Exercise material:
= = =
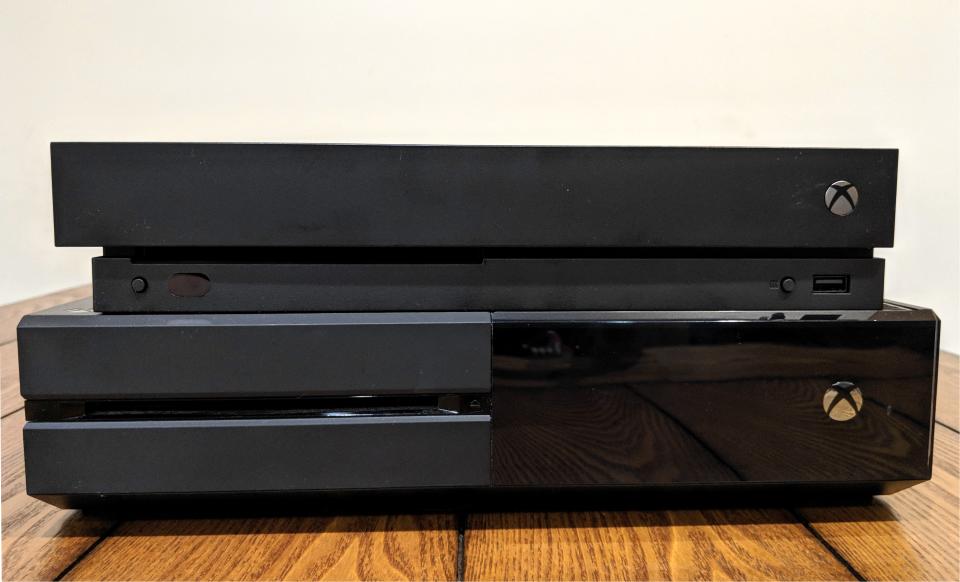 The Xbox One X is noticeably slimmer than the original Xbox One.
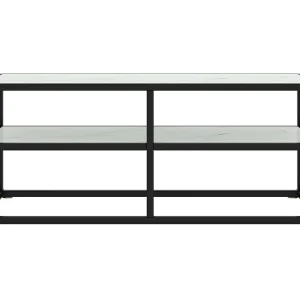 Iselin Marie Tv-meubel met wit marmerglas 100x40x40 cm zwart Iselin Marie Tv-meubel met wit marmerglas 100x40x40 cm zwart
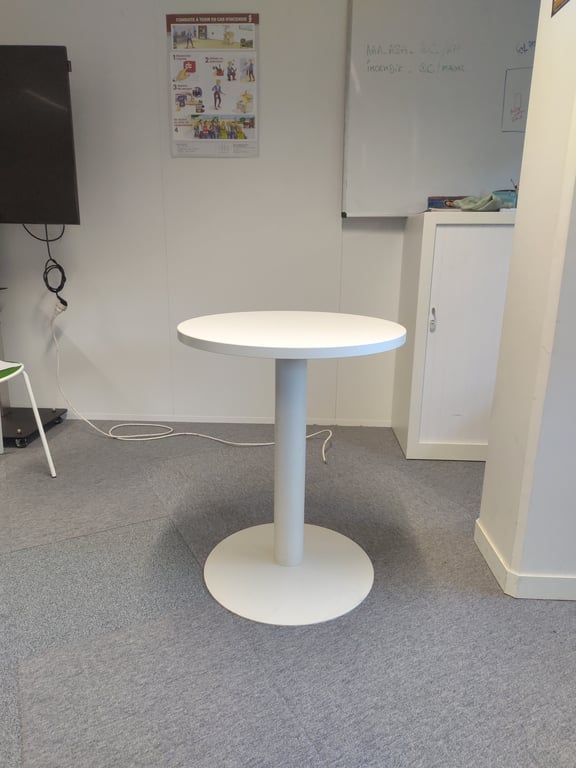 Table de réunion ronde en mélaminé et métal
= = =
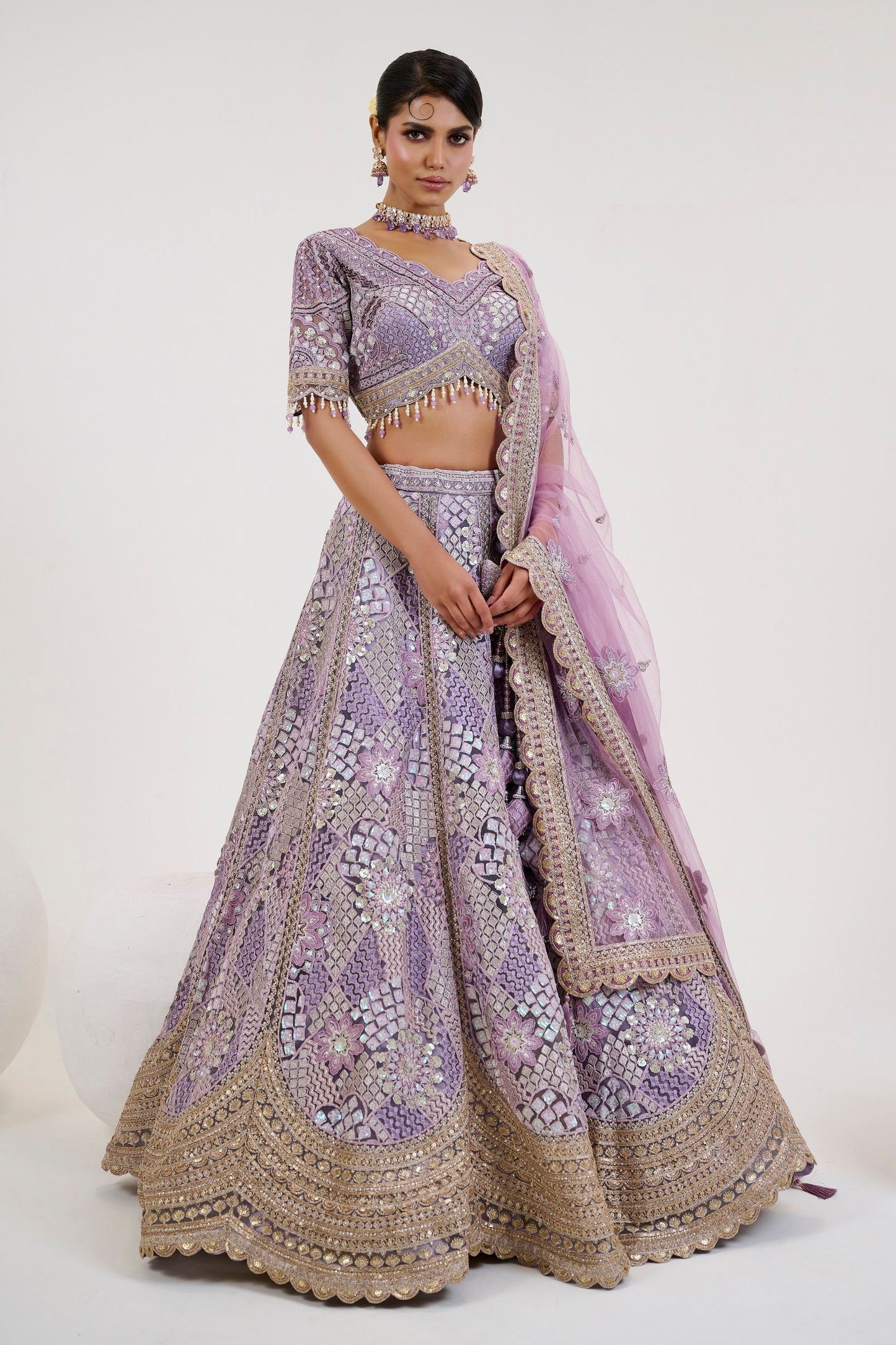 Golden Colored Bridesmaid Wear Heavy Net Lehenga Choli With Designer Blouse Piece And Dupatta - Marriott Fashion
= = =
Task statement: I would like the exact lines from the data above, starting with the one that holds "The Xbox One" and going on through the one that holds "Table de réunion ronde en mélaminé et métal", without the pictures.

Output for this exercise:
 The Xbox One X is noticeably slimmer than the original Xbox One.
 Iselin Marie Tv-meubel met wit marmerglas 100x40x40 cm zwart Iselin Marie Tv-meubel met wit marmerglas 100x40x40 cm zwart
 Table de réunion ronde en mélaminé et métal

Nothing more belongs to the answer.